Yes, they add up quite fast and gold in them is nice. I sometimes wonder that there may be probably more gold inside them on ram stick with 16 of them then plated on contact area aka finger. Well I try do do few more tests.
http://goldrefiningforum.com/phpBB3/viewtopic.php?f=52&t=11827


----------



## kjavanb123 (Nov 7, 2011)

kjavanb123 said:


> I went through the entire bag that contained the e-scraps and most of them are CD-ROM drive I guess, but could find the following cards which seem to be audio and graphic cards, which seem to have the fingers you mentioned in your post here. Please advise
> 
> View attachment 4
> 
> ...



I also messed around with the copper coils in this board, and It weighed around 2.75 grams what seems to be pure copper from on that board. So by doing the math here;

150 gram board has 2.75 grams of pure copper coil
100 grams is 100 x 2.75 / 150 = 1.82% copper. which is pretty good for mining world to have this grade copper. Just a thought.

Thanks
Kevin


----------



## Geo (Nov 7, 2011)

kjavanb123 said:


> kjavanb123 said:
> 
> 
> > I went through the entire bag that contained the e-scraps and most of them are CD-ROM drive I guess, but could find the following cards which seem to be audio and graphic cards, which seem to have the fingers you mentioned in your post here.

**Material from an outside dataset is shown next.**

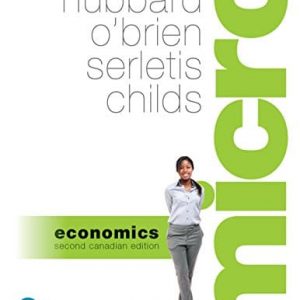 Microeconomics, Second Canadian Edition, 2E Hubbard, O'Brien, Serletis, Childs, Test Bank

Please advise
> ...


actually the copper content is much higher than that.most boards have multi-layer leads which means there is copper inside the board itself.the entire board would have to be processed to retrieve all the copper and that is a bare board,remember that all the components on the board will most likely have copper legs.with my meager math skills ive estimated the copper yield from the average mother board to be between 1.5 to 2 pounds of copper per board.


----------



## Claudie (Nov 7, 2011)

Geo said:


> kjavanb123 said:
> 
> 
> > kjavanb123 said:
> ...




I think the average motherboard from a common desktop computer only weighs about one pound, so there cannot be more Copper than the whole board weighs. :|


----------



## Geo (Nov 7, 2011)

im sorry about the misprint,it was late.i meant that weight in a PC,after reading it i realize i said mother board and didnt add the whole PC.


----------